Translate

lunes, 20 de marzo de 2017

Reflexiones de domingo el lunes


 Ayer tocó día desorganizado, desayuno a la 13:00 y claro, la comida a las 17:30. A esas horas las opciones son limitadas, así que acabamos en un centro comercial de ciudad medio abandonado el fin de semana por no tener más que restaurantes en domingo. La gente prefiere el que tiene cines y salas de juegos, no voy a entrar ahí. 

 El parking estaba prácticamente vacío, cuando subimos las escaleras sólo había adolescentes o grupos de niños. Fuimos a unos de los dos sitios de comida rápida que había abierto y nos sentamos en la zona de terraza cubierta.  

 Mientras comía mis patatas fritas como si no hubiera un mañana del hambre que tenía, por la cera de enfrente del centro comercial paseaba un chico empujando una silla de ruedas con un anciano. El chico no levantaba la cabeza del móvil mientras empujaba con la otra mano. Se sentaron enfrente de mi, en la terraza de la otra acera en un bar cerrado. El anciano miraba lo que pasaba enfrente y el chico al móvil.
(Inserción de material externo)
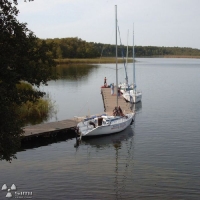 simg0259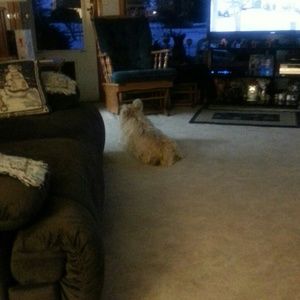 Meet your Posher, Judy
 Me apeteció levantarme e ir a hablar con el señor, que como casi todos los ancianos que veo por la calle, están como si fueran muebles, acompañados de personas que no les hacen caso. Me da cierta penita. Luego pienso en cuando yo salgo con mi abuela y a lo mejor ya nos lo contamos todo ese día o está un poco gruñona y no nos hablamos, o si saco el teléfono para mirar algo. Es sólo una parte de la realidad, si alguien lo viera podría juzgar al igual que yo, que eso no está del todo bien. Pero seguramente no sería un juicio correcto.

 Seguí con las patatas y el hilo de pensamiento mientras grupitos de adolescentes con las hormonas revueltas, median su hombría a cachetazos en la terraza contigua a la nuestra. 

 Pensé si no nos estamos conformando con la mediocridad. Porque, ese anciano, por ejemplo, ¿No podría contratar a alguien que le diera conversación? ¿qué estuviera atento a él? Quizás el señor prefiera no hablar, pero...lo dudo. Es algo natural del ser humano, comunicarse. 

 Creo que nos estamos olvidando de una parte importante de la sociedad, no se si por miedo, rechazo, o por falta de pensar las cosas. Quizás un poco de cada. Siendo sincera, con suerte, ese será nuestro futuro, El de cada ser humano. Todos envejecemos y nos gustará el día que nos toque que alguien nos coja la mano, nos acaricie, nos de un abrazo o charle con nosotros. Se trata de tener un poco de humanidad, y no sólo con nuestros mayores, sino con todos. No entro en la persona que ha sido ese anciano que tengo en frente, no es asunto mio, pero noto la pena es su mirada, el demacre de la vida, veo el temblor de sus manos, aun a la distancia que estoy, lo veo todo y se me encoge el alma, aunque no lo conozca de nada.

 Finalmente el chico levantó la vista del teléfono y habló con el...

(Continuará)

1 comentario:

  1. ¡Hola preciosa! No he leído aún la segunda parte aunque la has puesto así que te comento esta. La verdad es que yo también tiendo a juzgar a la gente de este tipo... pero no solo a la que va con ancianos, sino en general. Claro que se puede coger el móvil de vez en cuando, yo lo hago, a veces para enseñar cosas a las personas con las que estoy, pero hay gente que no lo suelta y me pone muy nerviosa. Lo malo ya encima es que los ancianos, si tú sacas el móvil ellos no pueden hacer lo mismo y se ven más... solos, que si estás con jóvenes.